With a strong line-up of titles during the console's first few months, Ubisoft clearly have a lot of faith in the potential of 3DS. These eight games cover most genres and players: there are racers and Tom Clancy games for older players, and for a more traditional Nintendo, family friendly audience new Rabbids and Rayman games. With big name franchises and an emphasis on the 3DS's graphical wallop, it's a line-up of games that you might expect on any new console.

In including James Noir's Hollywood Crimes in that line-up, Ubisoft are clearly exploring the extent to which 3DS will inherit the wider gaming audience built by its predecessor console.

Following the huge success of Professor Layton and Dr Kawashima, the old 2D DS saw a large number of lower profile puzzle and mystery games released, titles that have focused on straightforward brain teasers over fast action and high production values. If it's successful, Hollywood Crimes could signal a similar gold rush of low-octane, low-budget puzzlers for the 3DS.

The premise sounds conventional enough for this sort of thing, with a contrived twist: as the murders are taking place on the set of a TV game show, there will be two levels of play, the mystery puzzles and the games within the game. The early 1960s setting suggests a certain Mad Men stylishness to proceedings.

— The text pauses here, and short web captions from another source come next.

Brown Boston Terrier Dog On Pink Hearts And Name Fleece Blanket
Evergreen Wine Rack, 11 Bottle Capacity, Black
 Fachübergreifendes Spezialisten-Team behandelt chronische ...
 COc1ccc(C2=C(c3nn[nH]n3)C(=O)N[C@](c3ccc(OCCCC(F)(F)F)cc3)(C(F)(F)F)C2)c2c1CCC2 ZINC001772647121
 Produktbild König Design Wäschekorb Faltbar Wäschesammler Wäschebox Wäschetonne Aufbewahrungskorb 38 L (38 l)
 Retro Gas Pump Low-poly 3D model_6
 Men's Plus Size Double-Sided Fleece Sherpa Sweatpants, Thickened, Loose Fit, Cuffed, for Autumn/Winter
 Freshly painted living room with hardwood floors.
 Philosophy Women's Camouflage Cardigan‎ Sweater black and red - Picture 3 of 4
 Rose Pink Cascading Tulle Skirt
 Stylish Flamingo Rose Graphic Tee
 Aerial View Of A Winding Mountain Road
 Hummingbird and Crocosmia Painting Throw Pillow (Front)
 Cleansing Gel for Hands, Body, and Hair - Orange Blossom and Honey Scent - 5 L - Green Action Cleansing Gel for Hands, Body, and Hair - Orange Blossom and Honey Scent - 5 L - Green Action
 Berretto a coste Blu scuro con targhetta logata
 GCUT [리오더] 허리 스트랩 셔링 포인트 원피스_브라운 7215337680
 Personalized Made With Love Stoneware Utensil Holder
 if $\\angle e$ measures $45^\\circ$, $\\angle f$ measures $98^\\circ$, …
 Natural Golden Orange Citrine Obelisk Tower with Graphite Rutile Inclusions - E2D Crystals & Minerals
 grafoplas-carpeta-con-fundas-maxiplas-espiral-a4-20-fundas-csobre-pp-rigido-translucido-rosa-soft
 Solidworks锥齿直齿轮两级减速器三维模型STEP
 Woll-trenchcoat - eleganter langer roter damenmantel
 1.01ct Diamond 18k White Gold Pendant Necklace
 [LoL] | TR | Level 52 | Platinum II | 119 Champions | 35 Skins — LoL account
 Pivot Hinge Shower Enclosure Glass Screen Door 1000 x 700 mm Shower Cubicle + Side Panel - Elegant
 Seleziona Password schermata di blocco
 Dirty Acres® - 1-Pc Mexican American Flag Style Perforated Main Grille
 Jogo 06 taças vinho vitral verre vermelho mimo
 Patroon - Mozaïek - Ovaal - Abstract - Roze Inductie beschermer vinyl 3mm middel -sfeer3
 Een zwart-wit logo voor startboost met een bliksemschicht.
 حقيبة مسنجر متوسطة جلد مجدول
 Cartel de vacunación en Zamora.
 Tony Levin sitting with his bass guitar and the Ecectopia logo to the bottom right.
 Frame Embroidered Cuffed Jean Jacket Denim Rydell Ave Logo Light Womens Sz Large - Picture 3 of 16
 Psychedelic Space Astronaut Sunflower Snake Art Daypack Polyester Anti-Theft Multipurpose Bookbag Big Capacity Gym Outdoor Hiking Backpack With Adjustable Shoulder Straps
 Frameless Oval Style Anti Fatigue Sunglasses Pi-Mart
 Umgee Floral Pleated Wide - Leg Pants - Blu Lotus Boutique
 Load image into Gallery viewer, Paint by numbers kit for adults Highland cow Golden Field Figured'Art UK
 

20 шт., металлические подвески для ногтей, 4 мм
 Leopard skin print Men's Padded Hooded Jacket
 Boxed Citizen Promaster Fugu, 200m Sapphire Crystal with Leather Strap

Will the more casual audience who lapped up these games want to grab a (relatively expensive) new 3DS and continue the habit on the new console? It's an open question, but Ubisoft are scrupulously pushing every USP of the 3DS in Hollywood Crimes: not only do puzzles often rely on the manipulation of 3D objects, but the game will use data and images stored on the 3DS to personalise the experience.

At the moment it's hard to tell whether these innovations will be jaw-dropping game changers or just gimmicks draped over a very standard mystery game. We won't have long to find out: James Noir's Hollywood Crimes is released on 28th October for Nintendo 3DS.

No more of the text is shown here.